◆ **LISTED ENTRIES**:
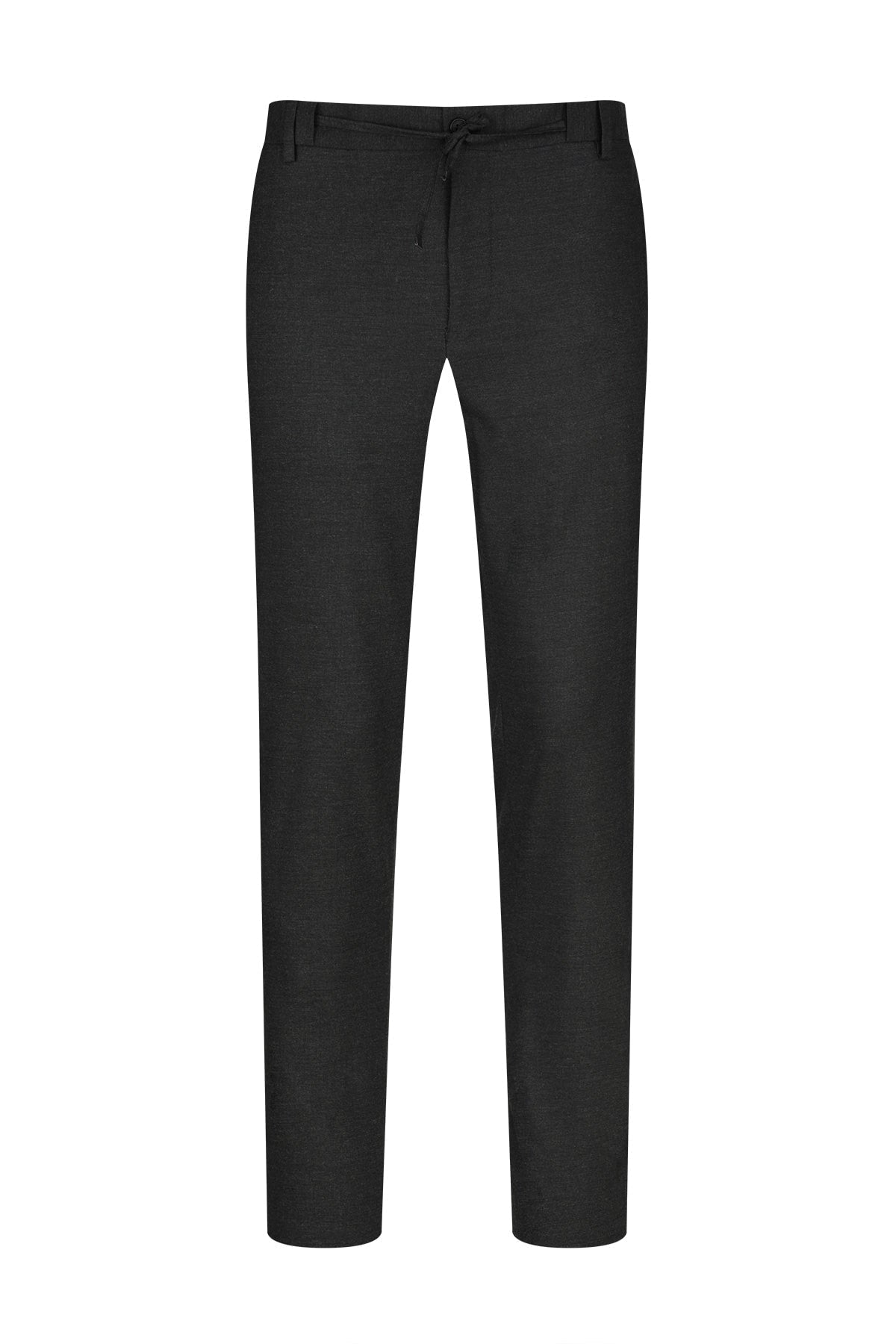 Relaxed Fit Side Pocket Low Waist Charcoal Jogger Pants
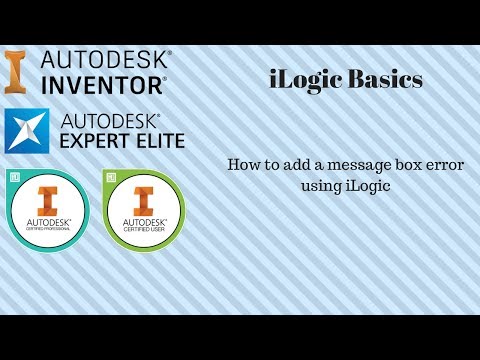 Basic iLogic: Message Box Error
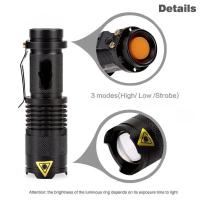 Lámpara De UV LED Mini Torchta Ultravioleta 395nm Impermeable De Aleación De Aluminio Para Verificación De Marcadores Y Detectores De 3 Modos - details 8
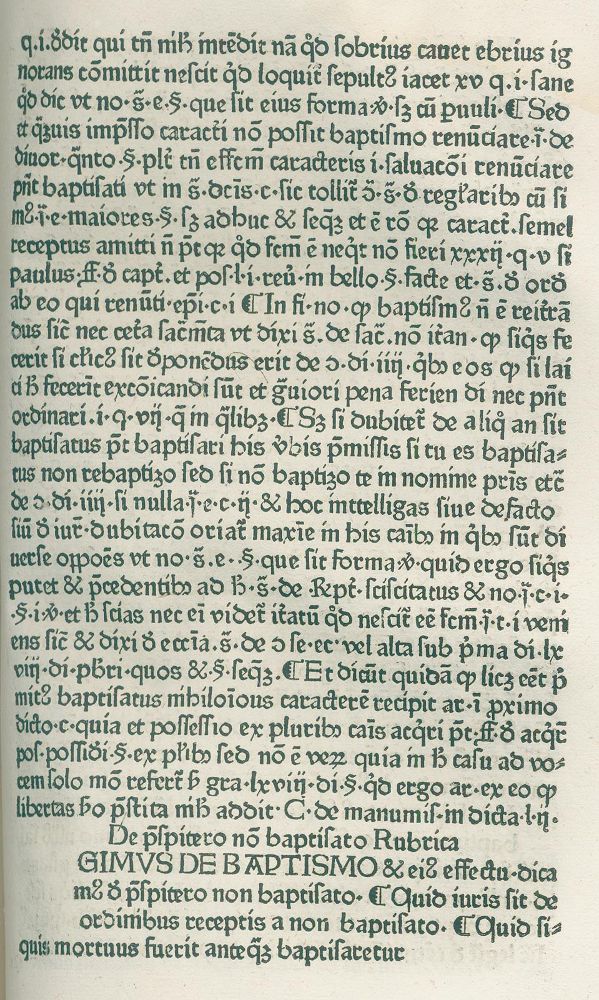 Große Abbildung Nr.2: 134-200 Henricus de Segusio, genannt Hostiensis.: (Inkunabeln)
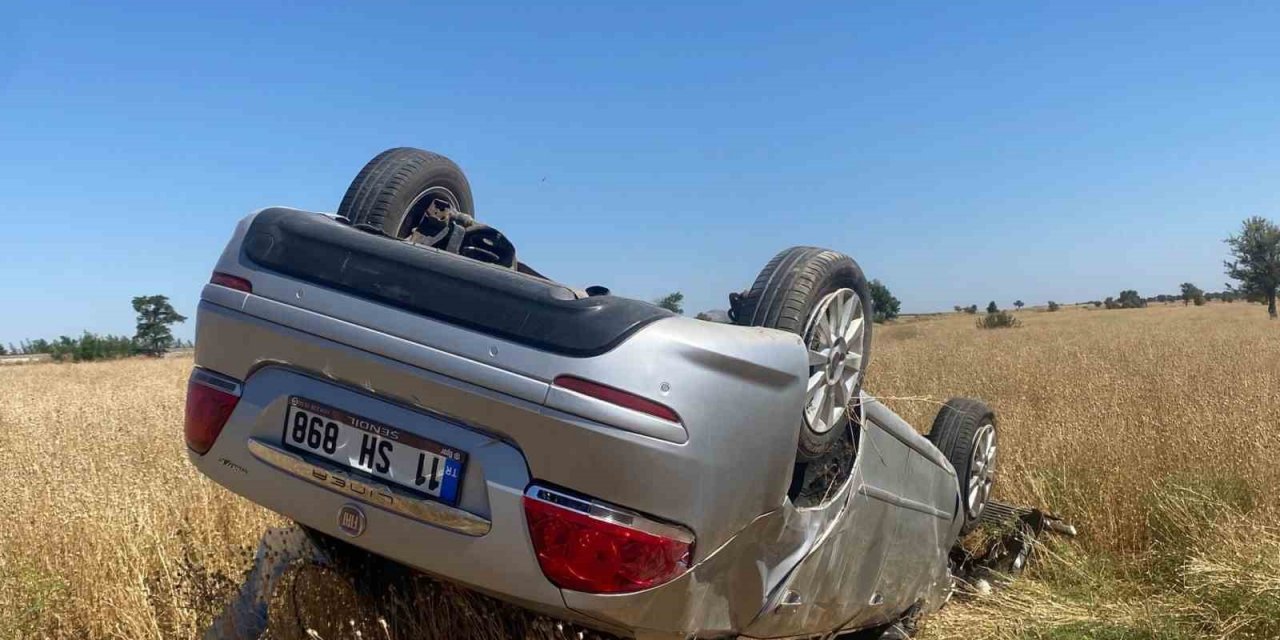 Takla atan araçta 1’i ağır 5 kişi yaralandı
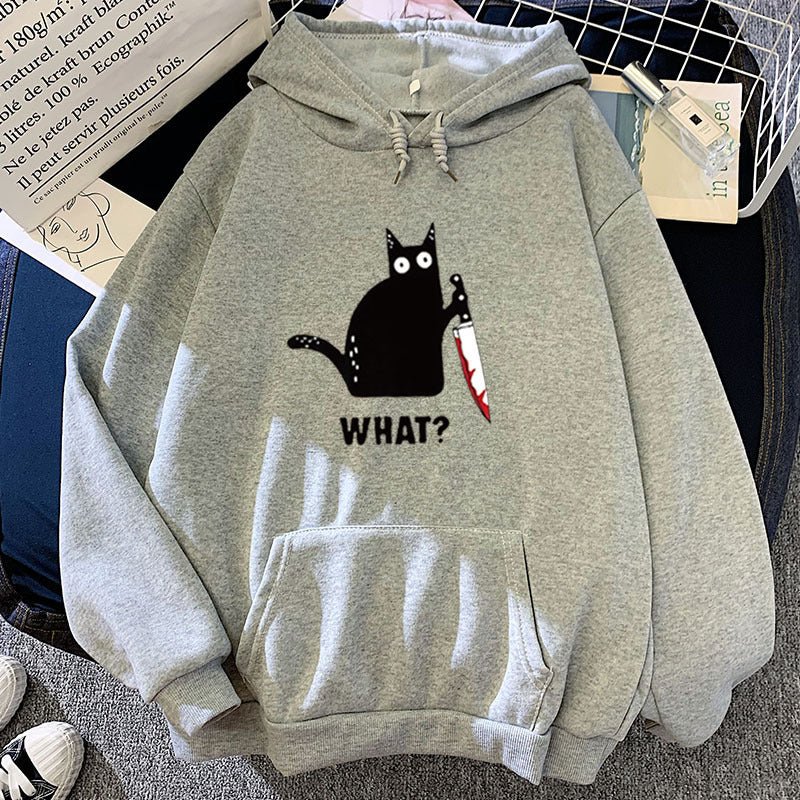Sweatshirt Loose Hooded Student Wear Fashion Cartoon Print Sweater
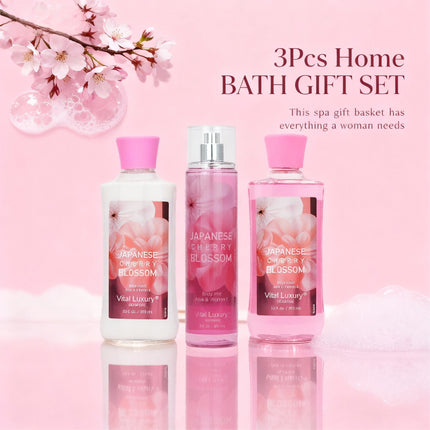 Premium Christmas Fragrance Set – Shower Gel, Body Lotion & Mist Trio
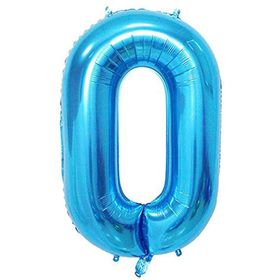 Pandoli 100 cm Mavi 0 Rakam Folyo Balon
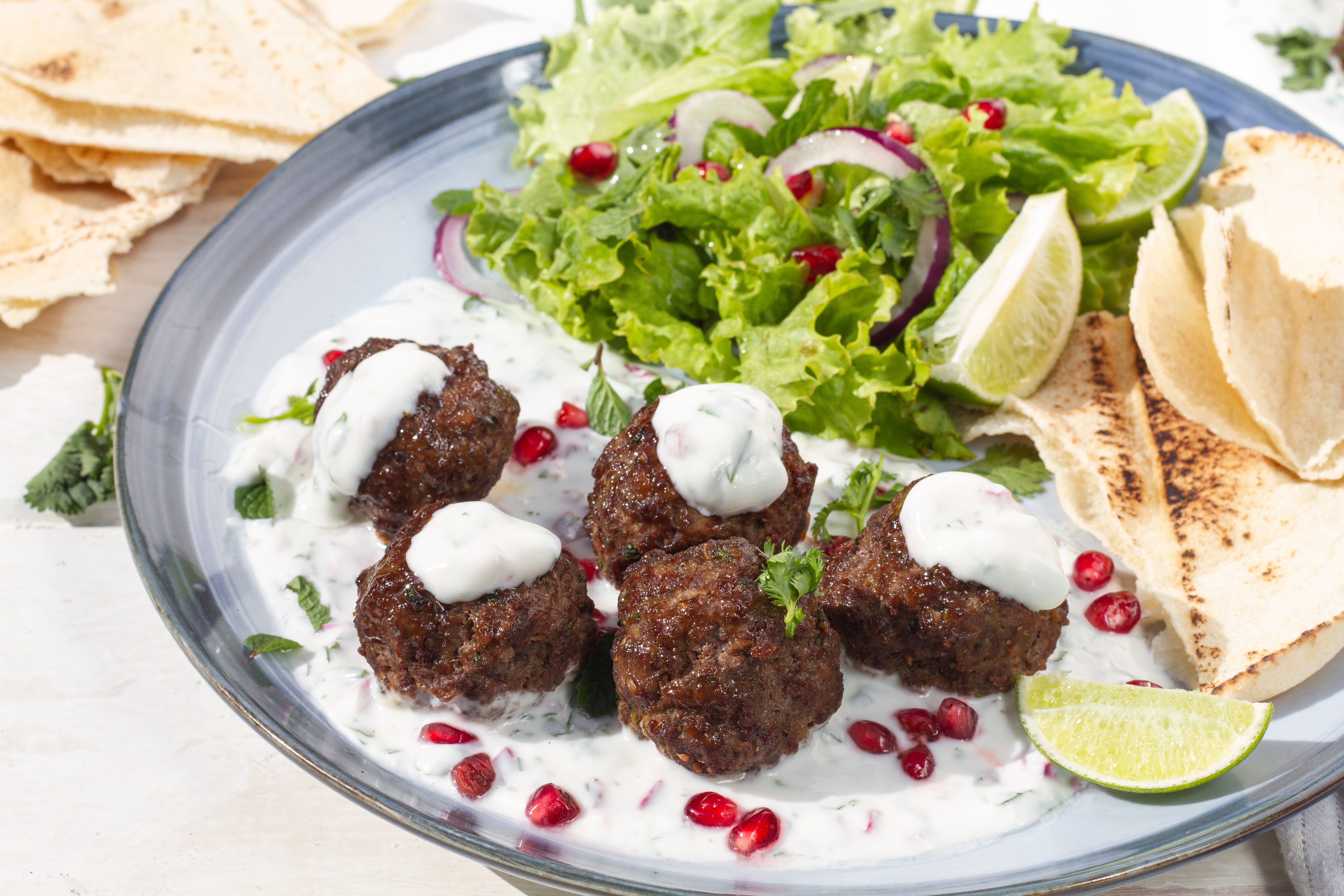 Lamb Meatballs with Yogurt Sauce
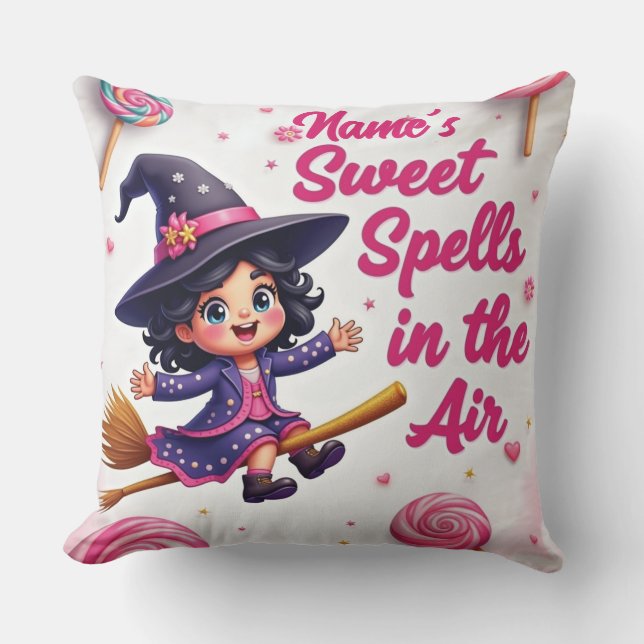 Personalised Halloween Throw Pillow (Front)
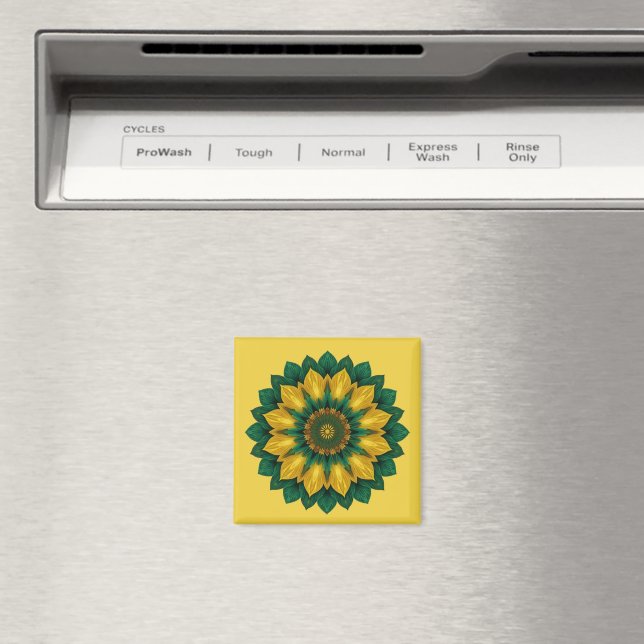 Imã Imperial Solar Flower Mandala Luxury Keychain  (In Situ (Dishwasher))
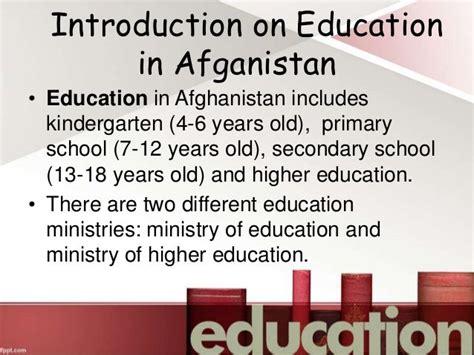 Education of Afghanistan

◆ **ASSIGNMENT**:
Exactly as written, copy the entries above without their pictures.

◆ **ANSWER TO THIS TASK**:
 Relaxed Fit Side Pocket Low Waist Charcoal Jogger Pants
 Basic iLogic: Message Box Error
 Lámpara De UV LED Mini Torchta Ultravioleta 395nm Impermeable De Aleación De Aluminio Para Verificación De Marcadores Y Detectores De 3 Modos - details 8
 Große Abbildung Nr.2: 134-200 Henricus de Segusio, genannt Hostiensis.: (Inkunabeln)
 Takla atan araçta 1’i ağır 5 kişi yaralandı
Sweatshirt Loose Hooded Student Wear Fashion Cartoon Print Sweater
 Premium Christmas Fragrance Set – Shower Gel, Body Lotion & Mist Trio
 Pandoli 100 cm Mavi 0 Rakam Folyo Balon
 Lamb Meatballs with Yogurt Sauce
 Personalised Halloween Throw Pillow (Front)
 Imã Imperial Solar Flower Mandala Luxury Keychain  (In Situ (Dishwasher))
 Education of Afghanistan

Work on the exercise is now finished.